‘The world needs to know what’s happening here’ – Migrants living on the margins in Athens
© Giorgos Moutafis
By Naomi Westland, Press Officer at Amnesty International UK who has joined Amnesty’s researchers in Greece investigating what happens to refugees and migrants trying to get to Europe
Last week I wrote from the island of Lesvos, where my colleagues and I met people fleeing war, violence and hunger and trying to get to Europe. If you read that blog you may have been shocked at the treatment they receive in Greece.
Everyone we spoke to there was planning to go to Athens. They thought that in the capital things would start looking up. Sadly, the reality is very different.
“We came here to bring our children to safety but we were wrong,” said Amirah, a Syrian refugee who made the dangerous crossing from Turkey to the Greek island of Samos, and then made her way to Athens. “We are scared to go out because of the racists, and when we see police we know we could be stopped and put in prison.”
The racists she means are supporters of far-right parties like Golden Dawn, rapidly gaining public support as the country struggles with a crippling economic crisis, evidence of which is everywhere in Athens. Suicide rates are up, unemployment has rocketed, and homelessness is more common than ever.
“It’s really hard for people in Greece,” said Giorgos Kosmopoulos, Amnesty International’s EU team campaigner, who was born and bred in Athens. “But it’s even more important at a time like this that we don’t forget about human rights and solidarity.”
Amirah’s fear of racists is real. Attacks are on the rise and many leave people badly injured. In January a young Pakistani man was stabbed to death in the capital.
Mustafa, a Somali refugee, has been attacked twice on the streets of Athens since he arrived just over a year ago.

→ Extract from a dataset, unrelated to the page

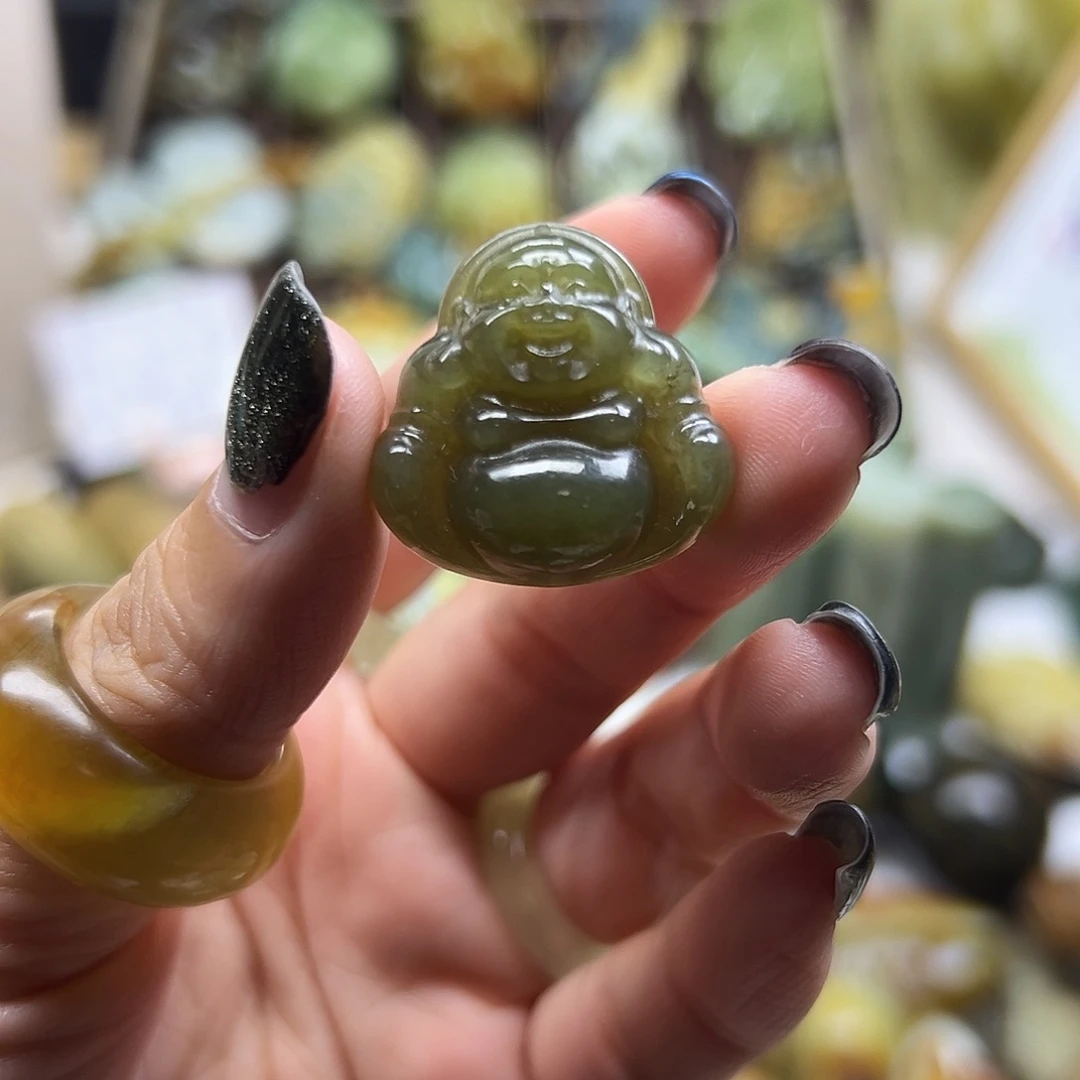 岫岩老玉（透闪石质玉）未镶嵌颈饰老玉笑佛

“The first time there were six of them, all young men, and they started shouting ‘mavro, mavro’ or ‘black, black,’” he explains. “They came up behind me. I instinctively put my arm up to protect my head and felt a big stick come down on my wrist. I fell down, my wrist was broken and my hand just hanging. I was on the ground and they started kicking me.”
When they ran off, Mustafa phoned the police, only to be asked if he had papers. He was still waiting for them to be processed so he said no. “We can’t help you then,” the operator told him.
In the second attack he was stabbed and beaten before managing to escape, covered in blood. Again the police did nothing. Both attacks happened in daylight. People sitting in cafés and walking past just looked on indifferently.
“I think Greeks like real-life horror movies,” he said with a resigned smile.
Despite this Mustafa wants to stay in Greece. He says he has made some good friends and he likes the culture and history.
“I have always made friends,” he says. “My dad used to say I was like a magnet. My Somali friends say ‘are you crazy? You hang out with Greeks’. But what’s the problem? It’s not a problem to hang out with people from anywhere in the world.”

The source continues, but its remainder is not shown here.